This week we will be publishing an update each day covering a different reform contained in the (now passed) Courts Reform (Scotland) Bill. This update will cover the increase in the privative jurisdiction of the Sheriff Courts.
Increase of the Privative Jurisdiction
At present, any case which is for £5,000 or less must be raised in the Sheriff Court, as opposed to the Court of Session. The Bill increases the privative jurisdiction of the Sheriff Court to £100,000, meaning that all cases up to the value of £100,000 will, subject to certain limited exceptions, have to be raised in the Sheriff Court rather than Court of Session.
The initial draft Bill proposed to increase the privative jurisdiction of the Sheriff Court to £150,000 as recommended by the Scottish Civil Courts Review. The aim was to free up the Court of Session, Scotland's equivalent of the High Court, to deal with the most complex and novel cases. After consultation the limit was reduced to £100,000.
Consideration and Amendment
During consultation concerns were expressed to the Scottish Parliament's Justice Committee by a number of parties that the increase was disproportionate and would lead to issues of access to justice.
The two main concerns were: (1) if the Sheriff Courts are not able to deal with the increased workload there is a real possibility that the increase in the privative jurisdiction would be counterproductive, and (2) that the cost of instructing counsel in the Sheriff Courts could be prohibitive for some litigants, leading to a possible inequality of arms.
The committee agreed that the increase in the privative limit to £150,000 was too high and questioned whether the Sheriff Courts could handle the increased workload. Their solution was to recommend an increase to £100,000. This was incorporated into the Bill that was passed by Parliament last week.
The increase in the monetary level at which cases must be raised in the Sheriff Courts is a fundamental change to the civil courts system in Scotland.

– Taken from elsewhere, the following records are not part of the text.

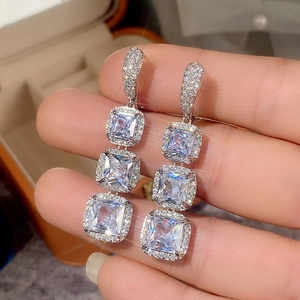 Macro detail of silver drop earrings featuring triple square-cut cubic zirconia crystals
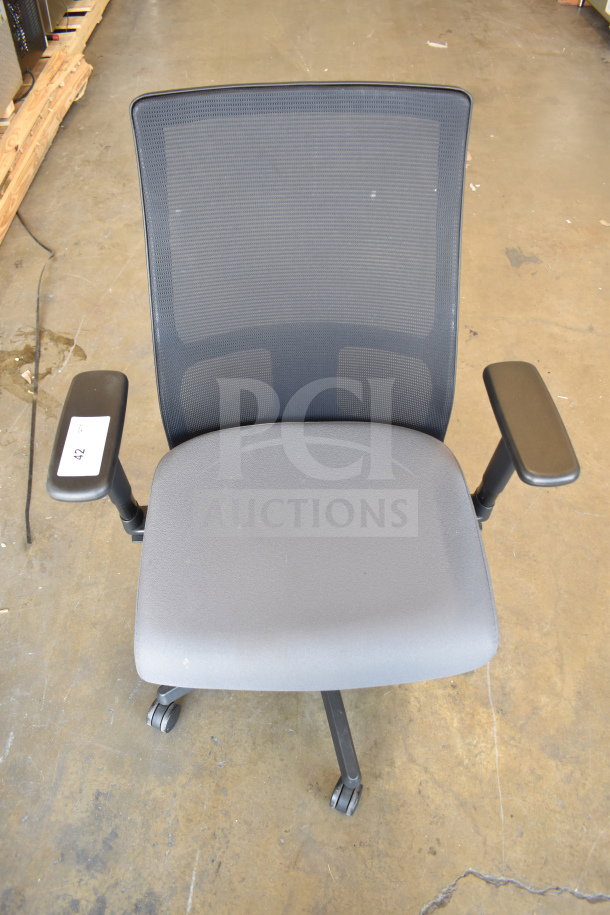 Mesh office chair on casters with adjustable arms, gray seat, and label indicating lot number 42. Available in quantity 12.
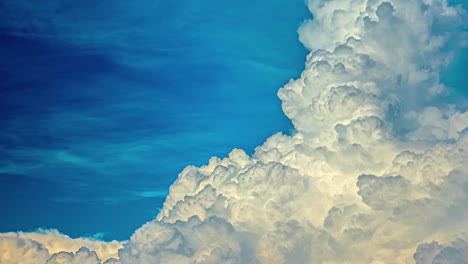 timelapse motions of puffy fluffy white clouds against blue sky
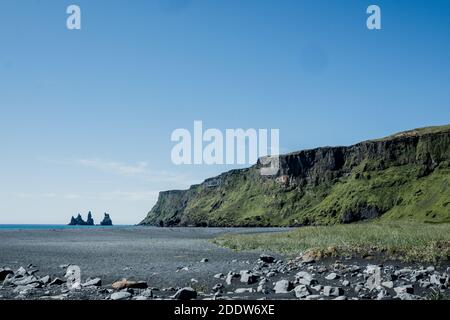 Reynisdrangar rock formations viewed from the town of Vík in South Iceland on a sunny, summer day. Stock Photo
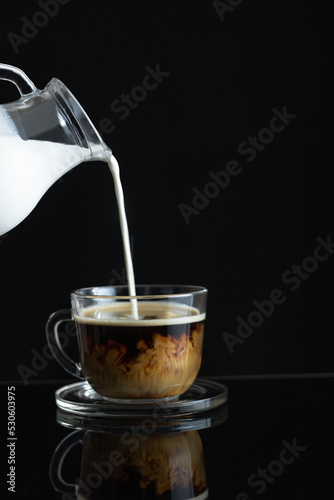 Coffee with cream. Pouring the cream from the pitcher into the coffee. Black background. Copy Space.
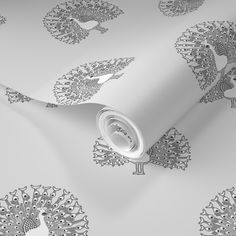 a white wallpaper with silver peacocks on it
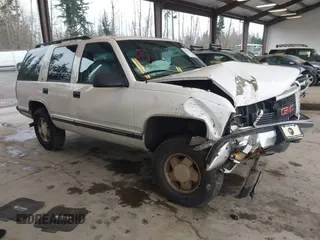 1998 GMC Yukon with VIN 1GKEK13R7WJ700881, listed as a IAAI auction lot 41507538 with 188,396 mi miles. Bid and sale history available at carsss.com. Image 1.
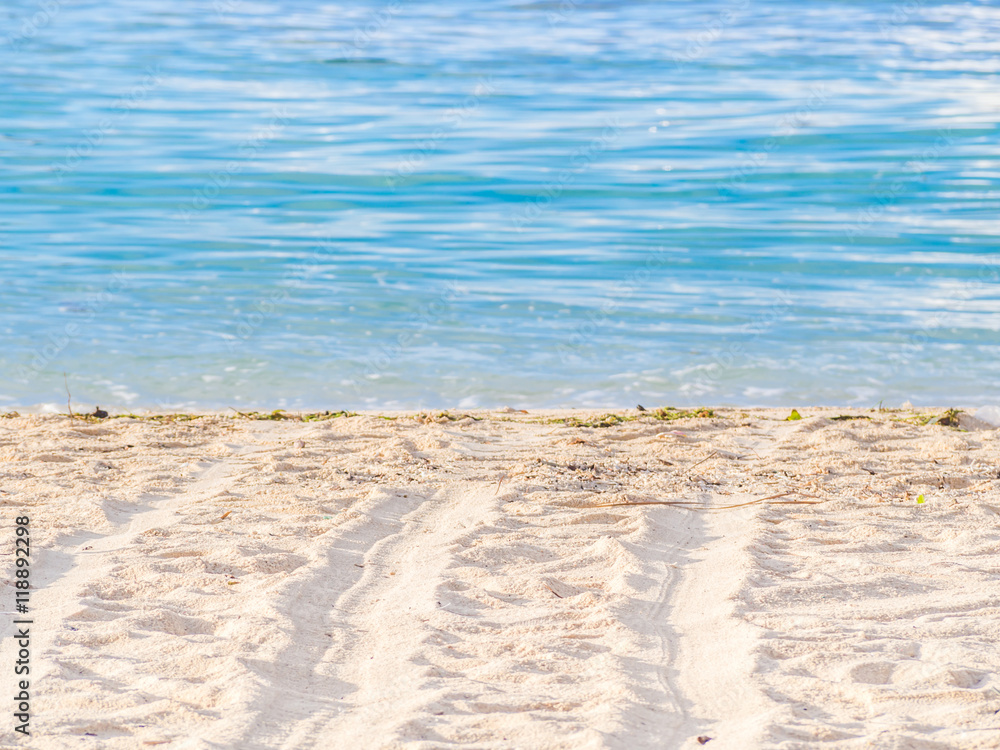 Wheel tracks on the beach and blurry blue sea background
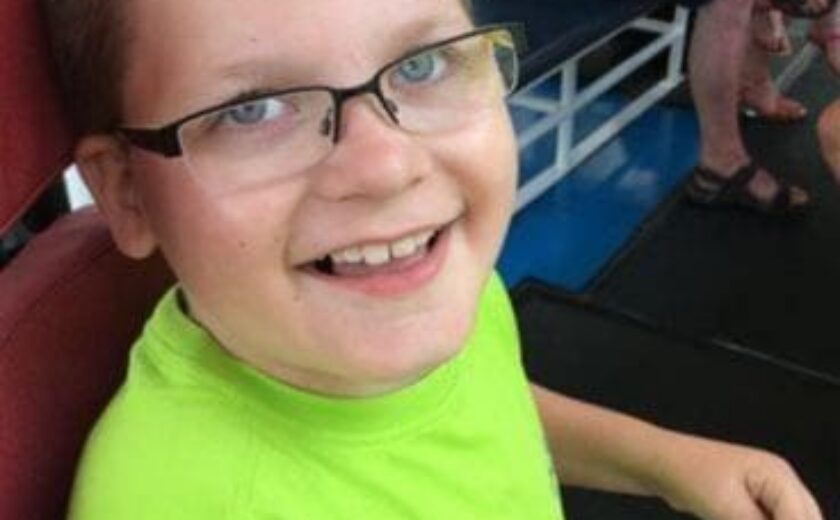 Smiling child with glasses seated indoors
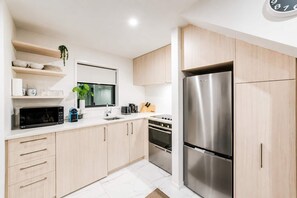 Coffee/tea maker, fridge, microwave, oven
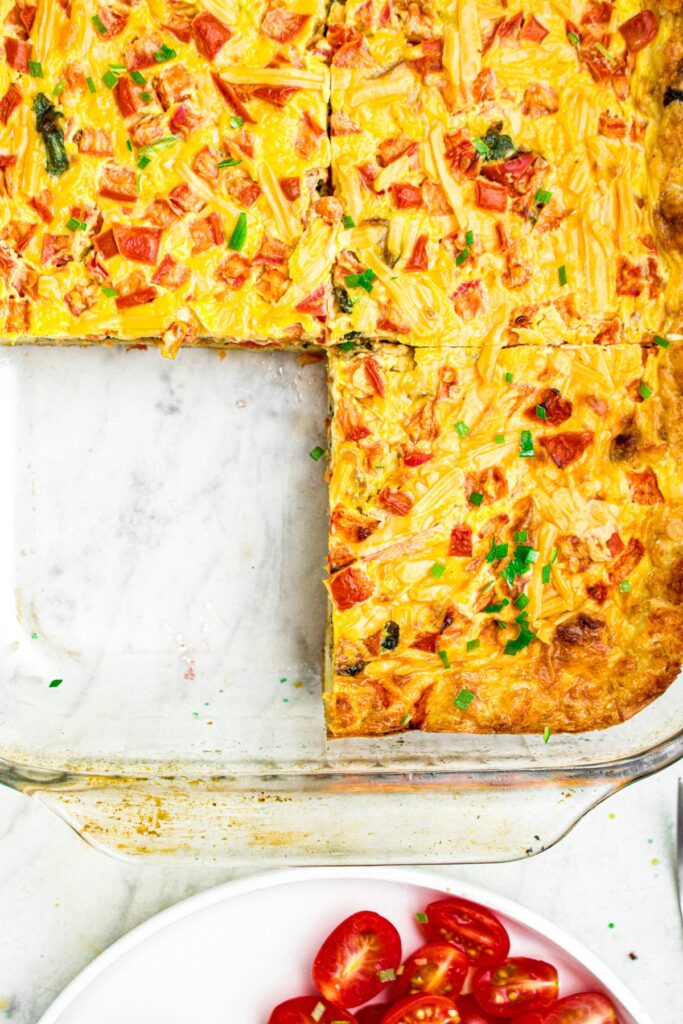 Overhead photo of a vegan breakfast casserole made with JUST egg in a casserole dish with the bottom left slice cut out of it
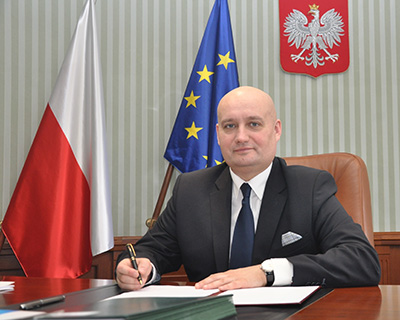 Zbigniew Hoffmann na tle flagi polskiej i unijnej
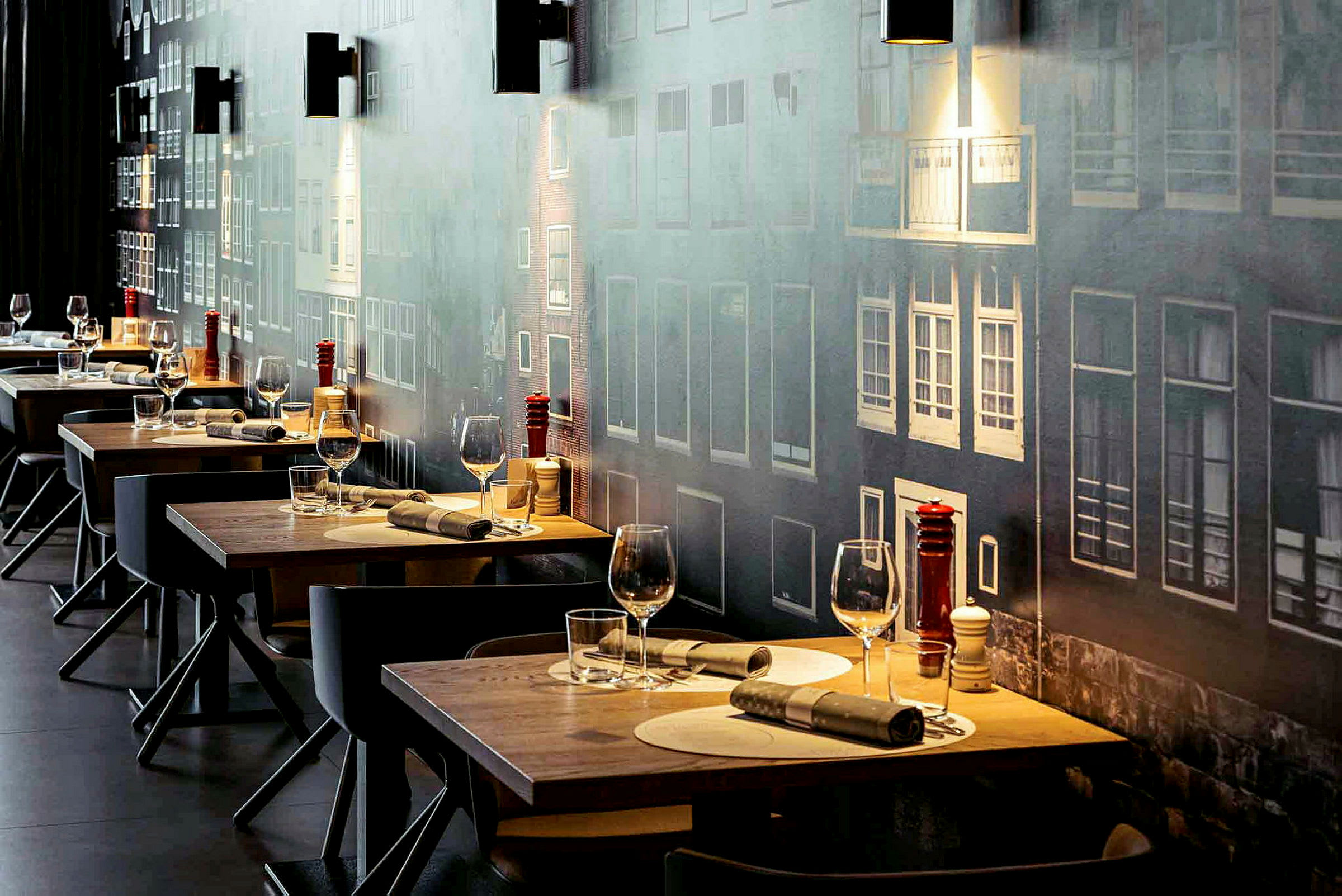 Flere dekkede restaurantbord med glass og bestikk, mot en vegg med fasademotiv. (AI-generert tekst)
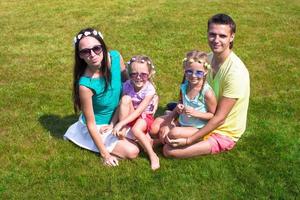 gelukkig familie met twee kinderen buitenshuis Aan zomer dag foto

The Bill does contain welcome provisions allowing for cases to be remitted up to the Court of Session if they are particularly complex. These provisions were brought in as recognition that monetary value is not always an indicator of complexity or novelty. However, there is still a danger if these provisions are not operated as intended. Only time will tell if this reform will lead to cases finding their correct level in the judicial system, or if it leads to issues of access to justice and the overburdening of the Sheriff Courts.
It should be noted that the increase in the privative jurisdiction has not been recommended in isolation. Rather, it is coupled with other reforms such as the introduction of specialist sheriffs, which will be covered by further updates this week.